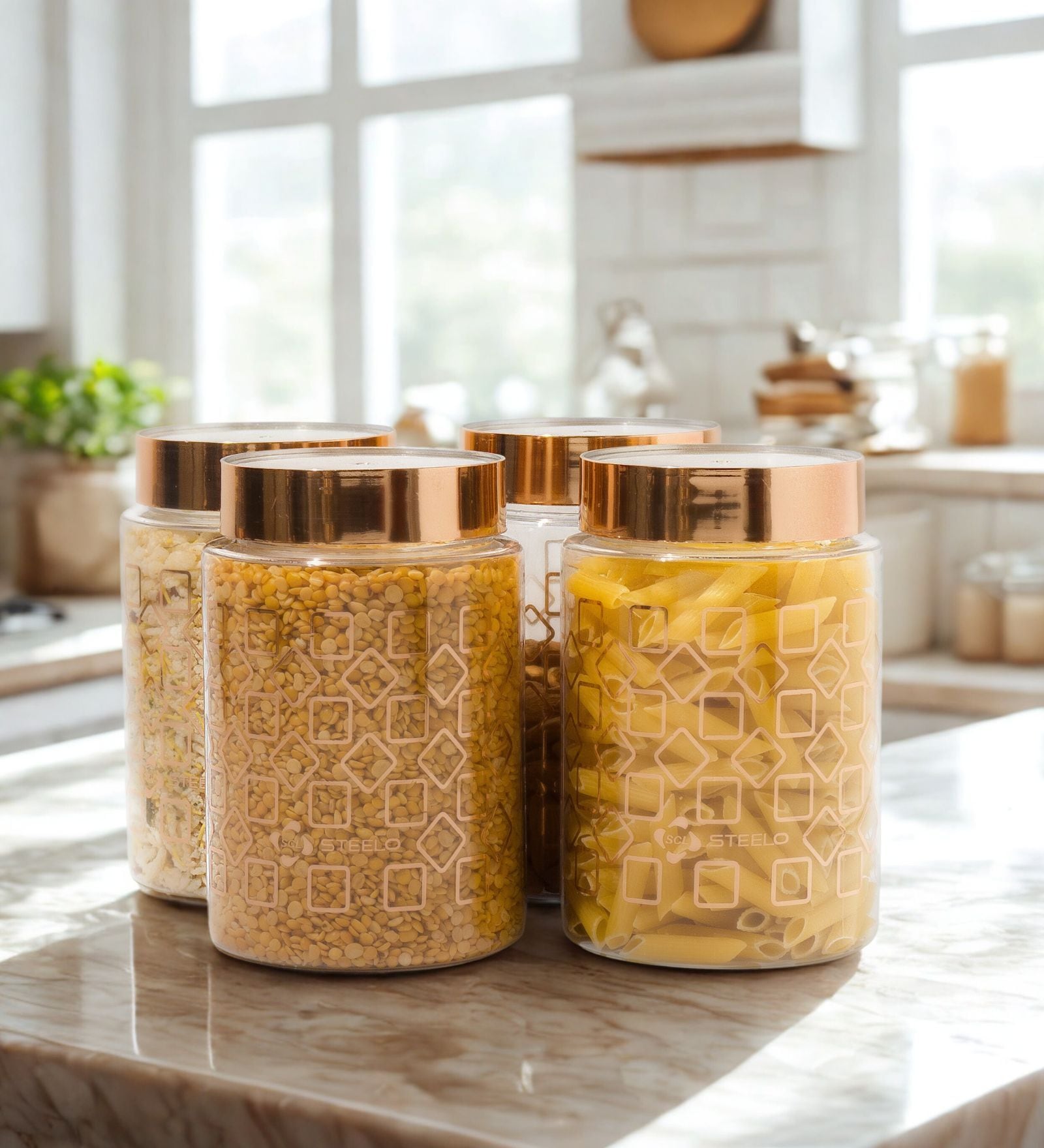 Homely Deluxe Container 1000ML | 4pcs Set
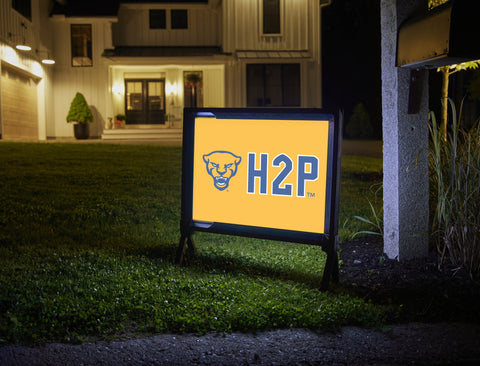 Pittsburgh Panther H2P University Gold Yardsy Sign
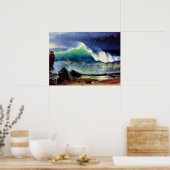 Die Küste des türkisblauen Meeres Poster (Küche)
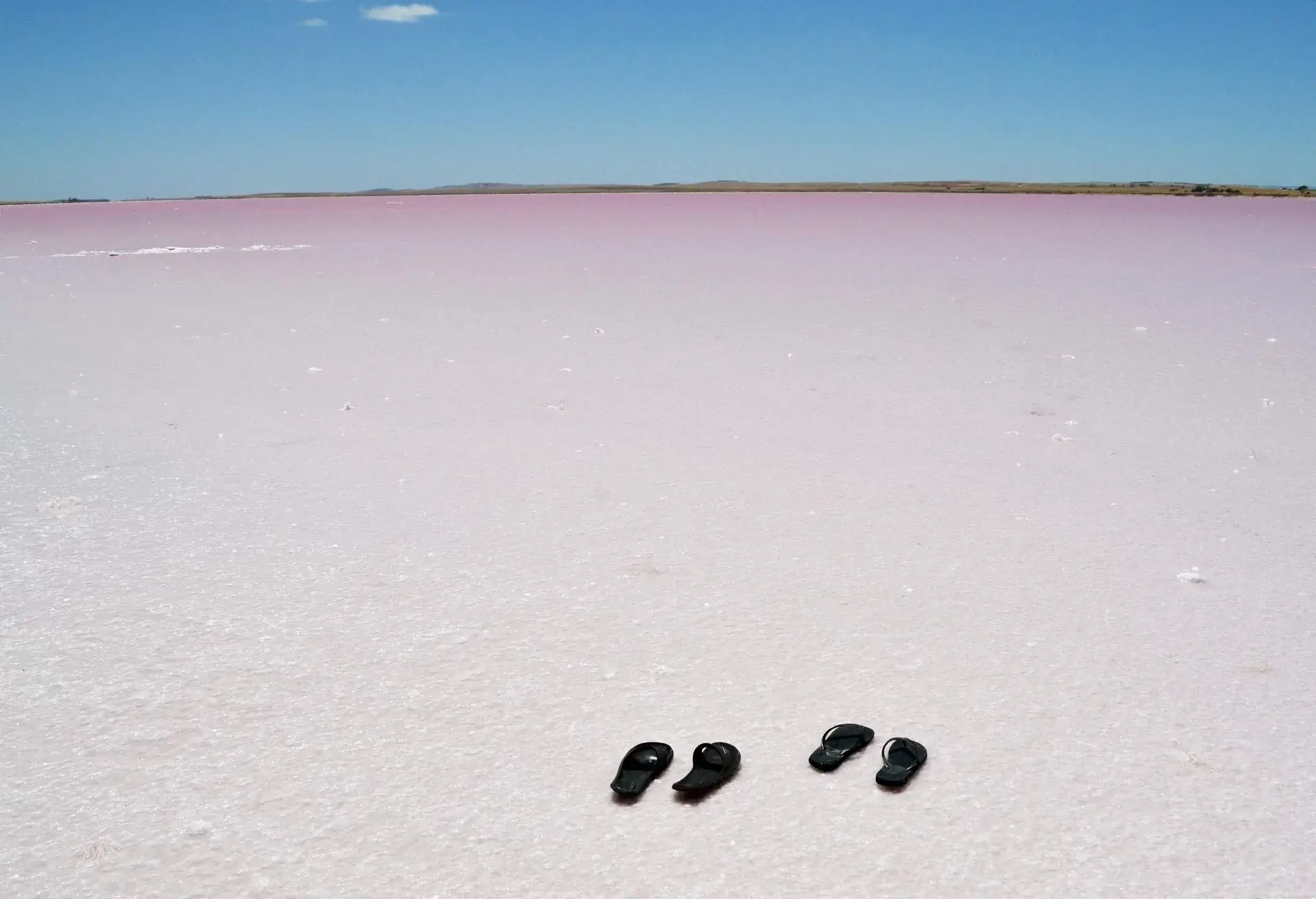 pink lake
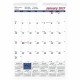 Brownline Wall Calendar Monthly 8x11" English - Professional - Julian Dates - Monthly - 12 Month - January 2025 - December 2025 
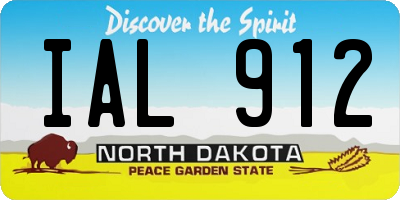 ND license plate IAL912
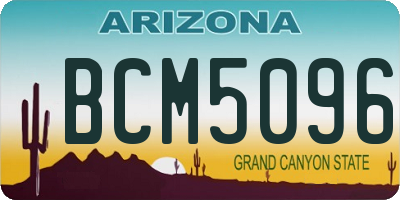 AZ license plate BCM5096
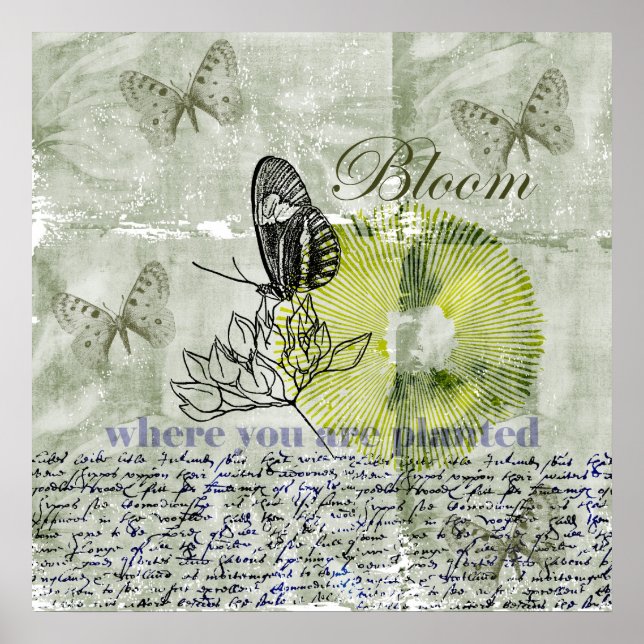 Inspiriert Schmetterlingsblüte Poster (Vorne)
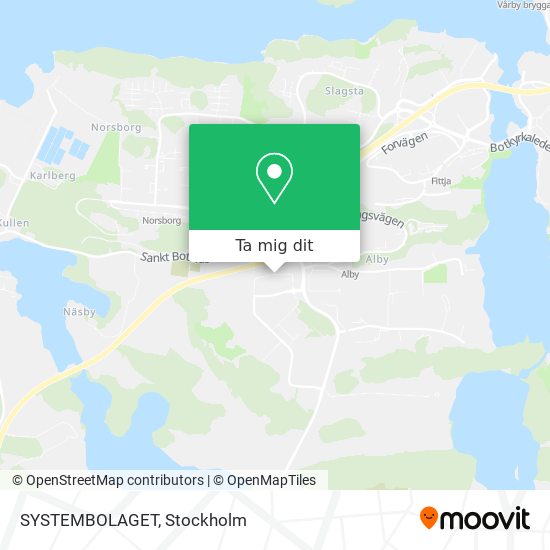 SYSTEMBOLAGET karta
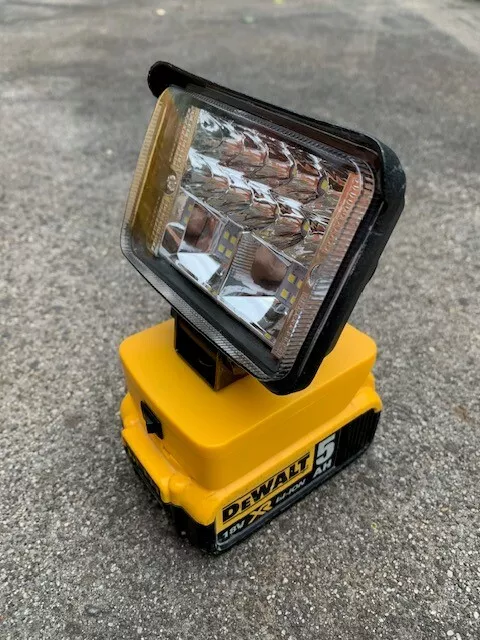 custom DeWalt 18v LED light with switch, 2nd Gen, 18 LED Stock | eBay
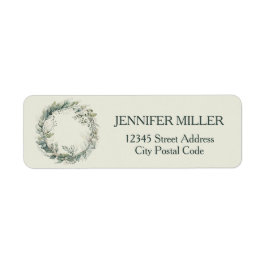 Etiqueta Folhas de aquarela e flores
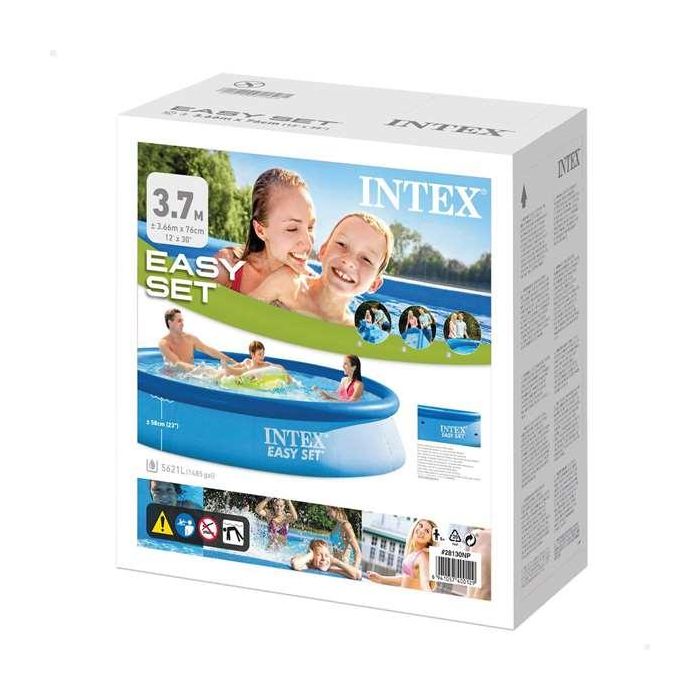 Piscina Redonda Easy Set Intex 5621 Litros 366x76cm 1 Piscina Redonda Easy Set Intex 5621 Litros 366x76cm 1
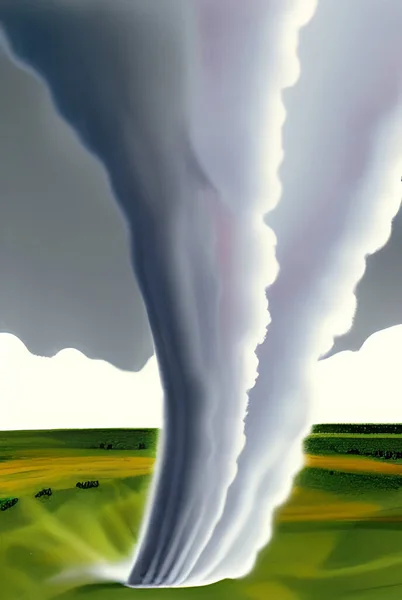 Ilustración Tornado Naturaleza — Vector de stock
========
◆ **What the task requires**
Could you output all of the records exactly, without their pictures?

◆ **Task result**
 Homely Deluxe Container 1000ML | 4pcs Set
 Pittsburgh Panther H2P University Gold Yardsy Sign
 Die Küste des türkisblauen Meeres Poster (Küche)
 pink lake
 Brownline Wall Calendar Monthly 8x11" English - Professional - Julian Dates - Monthly - 12 Month - January 2025 - December 2025 
 ND license plate IAL912
 AZ license plate BCM5096
 Inspiriert Schmetterlingsblüte Poster (Vorne)
 SYSTEMBOLAGET karta
 custom DeWalt 18v LED light with switch, 2nd Gen, 18 LED Stock | eBay
 Etiqueta Folhas de aquarela e flores
 Piscina Redonda Easy Set Intex 5621 Litros 366x76cm 1 Piscina Redonda Easy Set Intex 5621 Litros 366x76cm 1
 Ilustración Tornado Naturaleza — Vector de stock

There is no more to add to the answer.